For detailed permissions per service principal, see Service Principals Guide.

Deployment Gates and Approvals

Dev Environment

Approval: None required (automatic on merge to main after PR completion)

Validation:

Bundle configuration validation
Python wheel build success
No syntax errors

Risk Level: Low (shared development environment)
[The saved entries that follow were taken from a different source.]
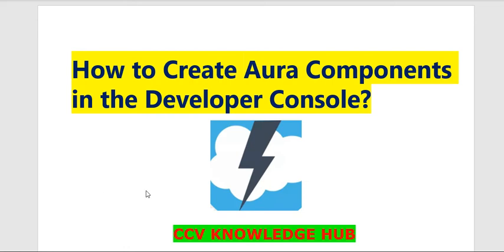Hi everyone, welcome back to Lightning course. In this session, I will explain how to create Aura components in the Developer Console.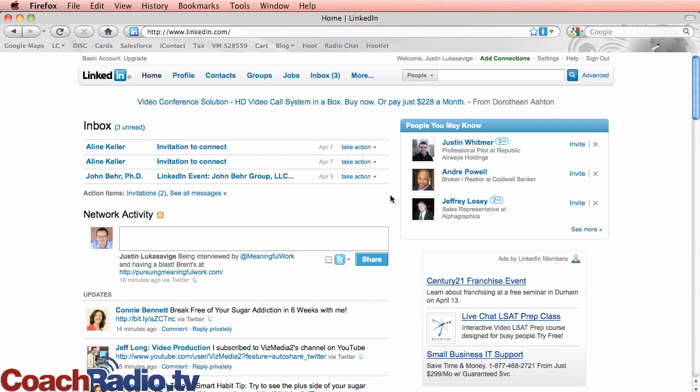Hi, this is Justin Lucas-Savage at CoachRadio.tv with another LinkedIn tutorial in our series of social media tutorials.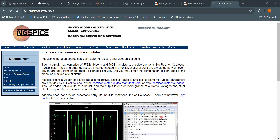Those model parameters come from semiconductor device manufacturers. For example, if you use a diode or a transistor, there are manufacturers in the industry who manufacture those components and devices, and those manufacturers provide the device model parameters that you put in your netlist.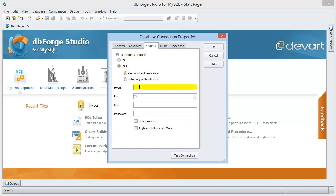In the host field enter the IP address or an SSH server name. Then enter a username and the password and check save password.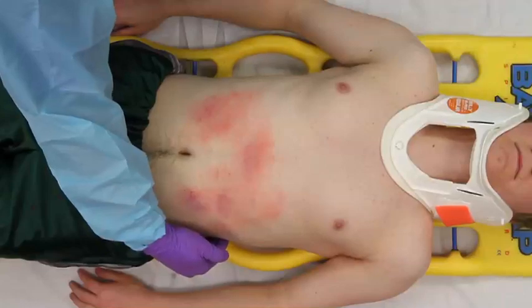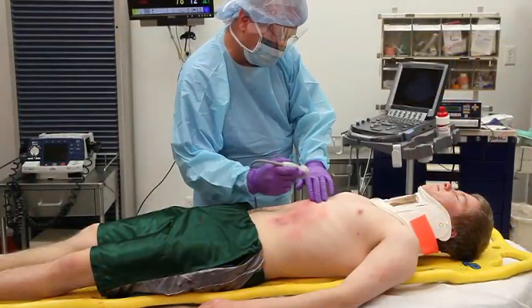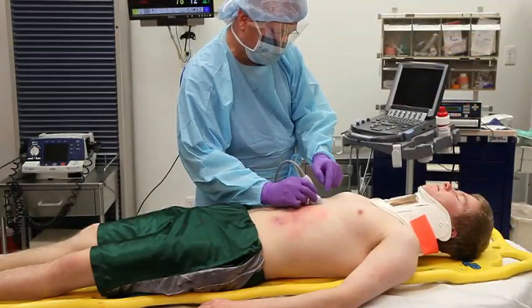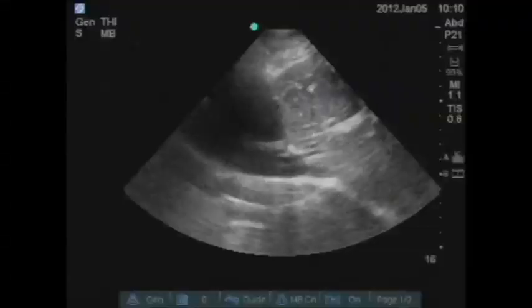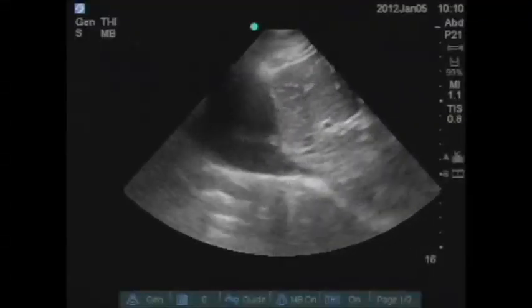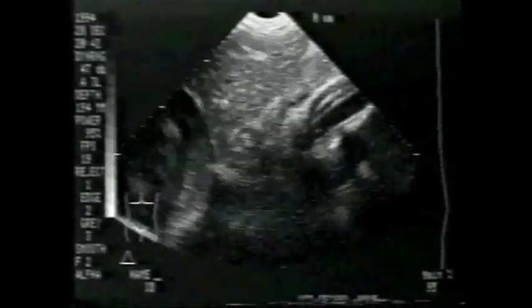Start by viewing the heart using the sub-xiphoid or the parasternal view to ensure the gain is set appropriately. Fluid within the heart should appear black. The presence of fluid outside the heart within the pericardial sac is abnormal and is consistent with pericardial tamponade.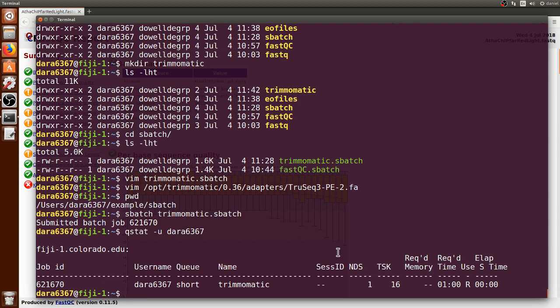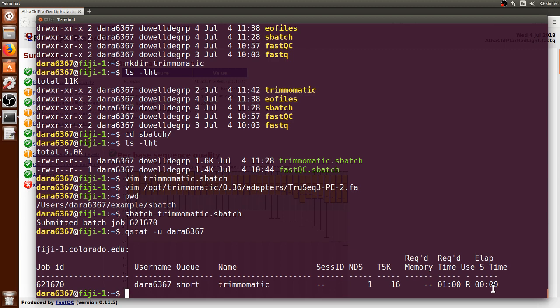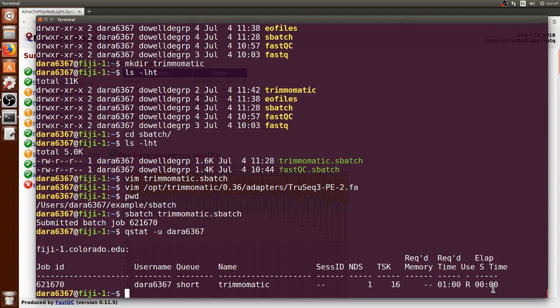We can press qstat -u and our username. In your case, you will put your own username. You can see that it has the job submitted and it is still on the queue, so no time has elapsed yet because it has not started running. Let's wait a couple of minutes for it to finish and we can come back.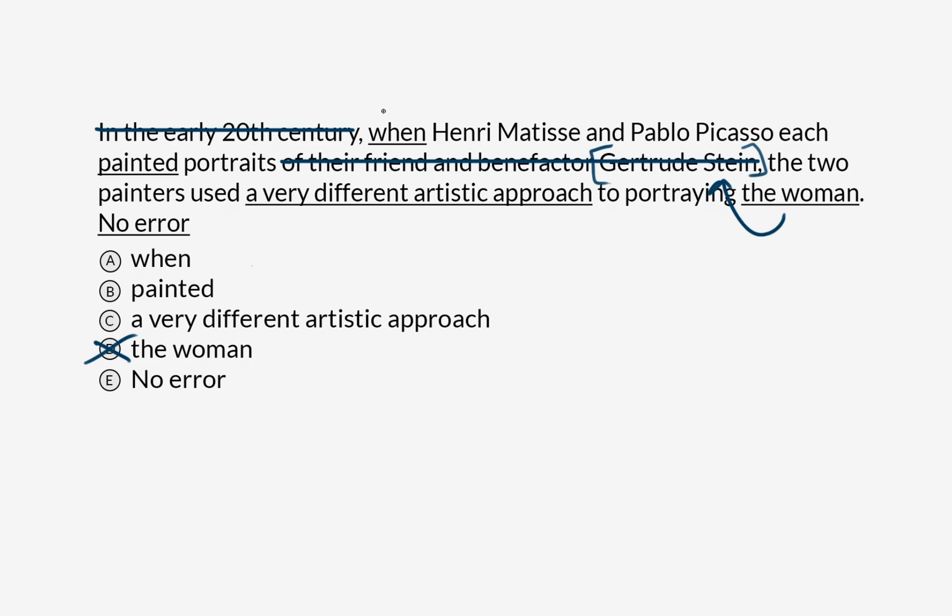And let's go back up to the top. So, when Henri Matisse and Pablo Picasso each painted portraits, and then there is a comma here. So when is being used to set off a dependent clause. When Henri Matisse and Pablo Picasso each painted portraits, this checks out, a comma is correctly used to separate this dependent clause from this independent clause. The two painters used an approach, so I'm gonna say when isn't an error.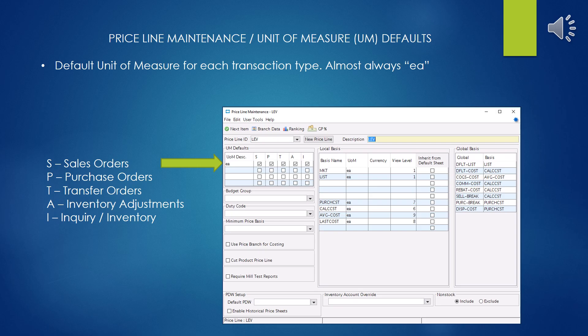S is for sales orders, P for purchase orders, T for transfer orders, A for inventory adjustments, and I for inquiries. I cannot imagine a reason why you would have different units of measure for different transactions — it would cause all kinds of unanticipated trouble. But Eclipse is nothing if not a piece of software that gives you many more options than you could ever think to make use of.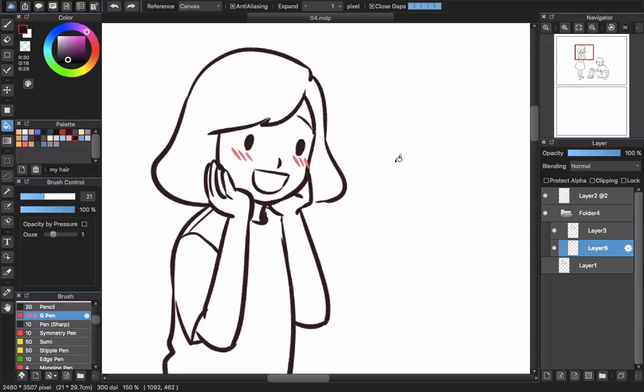Hello guys and welcome back to CLGT Art channel. Today I'm making this video because there's a new update in MediBang Paint Pro and this is really awesome.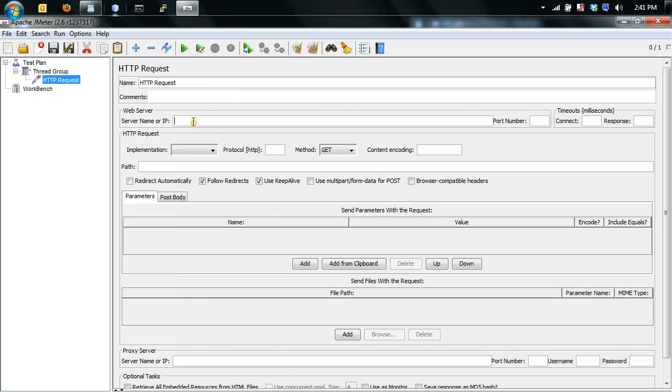So first thing you've got to do is define the host. So for this one I'm going to use the BCCR website. This is our dev server. Pathway would be demo.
Protection Rules (configured in GitHub):

Requires manual review & approval from lead developer to merge PR

Staging Environment

Approval: Required manual approval via GitHub environment protection rules

Validation:

Dev deployment succeeded
Bundle configuration validation
Model training on prod data succeeds
Integration tests pass

Risk Level: Medium (uses production data, pre-production testing)

Protection Rules (configured in GitHub):

Requires approval from lead developer to deploy in staging workspace/environment

Production Environment

Approval: Required manual approval via GitHub environment protection rules

Validation:

Staging deployment succeeded
Models validated in staging
Bundle configuration validation
All tests passed

Risk Level: High (production environment)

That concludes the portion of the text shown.